### Raw data
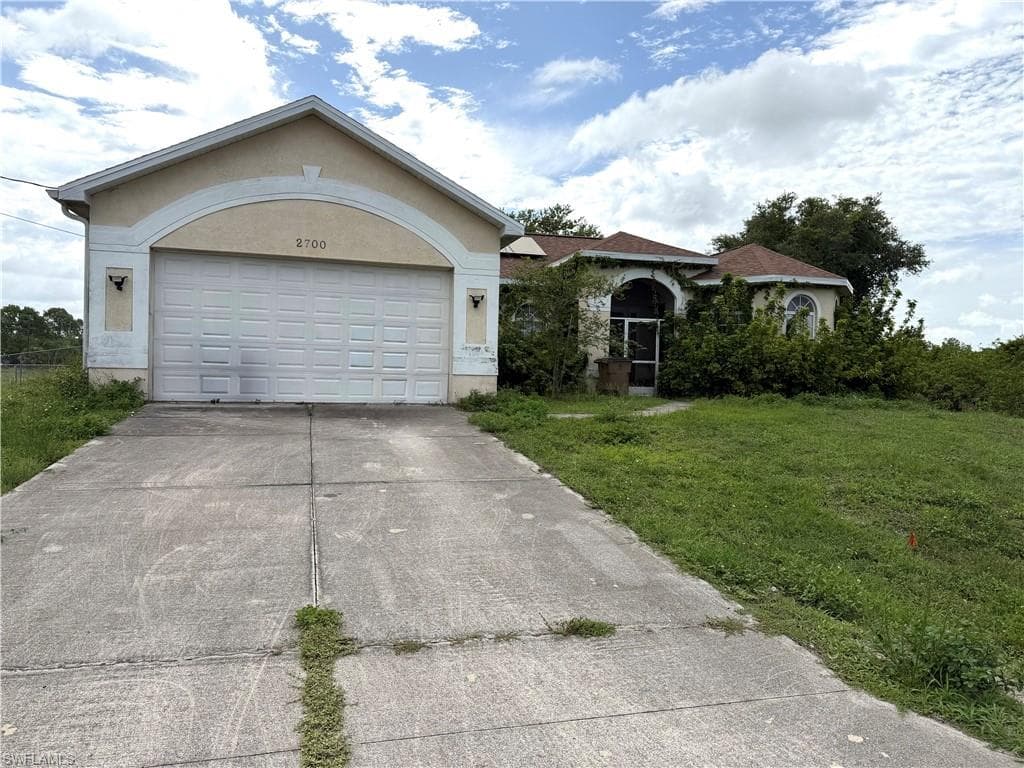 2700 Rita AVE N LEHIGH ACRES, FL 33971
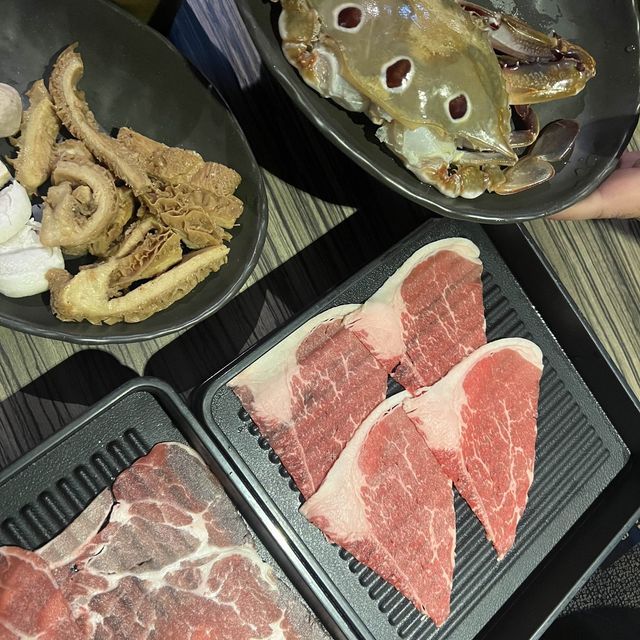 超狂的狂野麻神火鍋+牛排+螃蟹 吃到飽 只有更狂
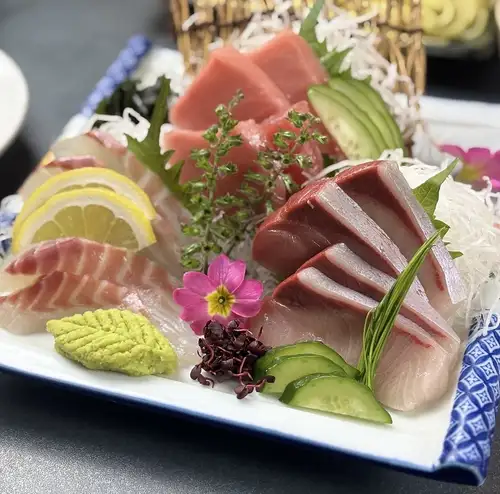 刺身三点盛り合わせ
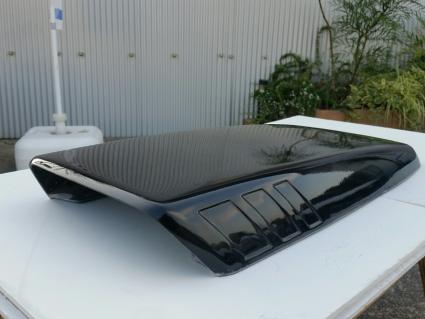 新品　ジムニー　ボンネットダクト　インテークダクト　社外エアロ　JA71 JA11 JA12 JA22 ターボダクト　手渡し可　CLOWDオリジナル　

### What you have to do
Write out the lines of the material from the one containing "超狂的狂野麻神火鍋+牛排+螃蟹 吃到飽 只有更狂" through the last, exactly and only those. Leave every picture out.

### Result of the exercise
 超狂的狂野麻神火鍋+牛排+螃蟹 吃到飽 只有更狂
 刺身三点盛り合わせ
 新品　ジムニー　ボンネットダクト　インテークダクト　社外エアロ　JA71 JA11 JA12 JA22 ターボダクト　手渡し可　CLOWDオリジナル　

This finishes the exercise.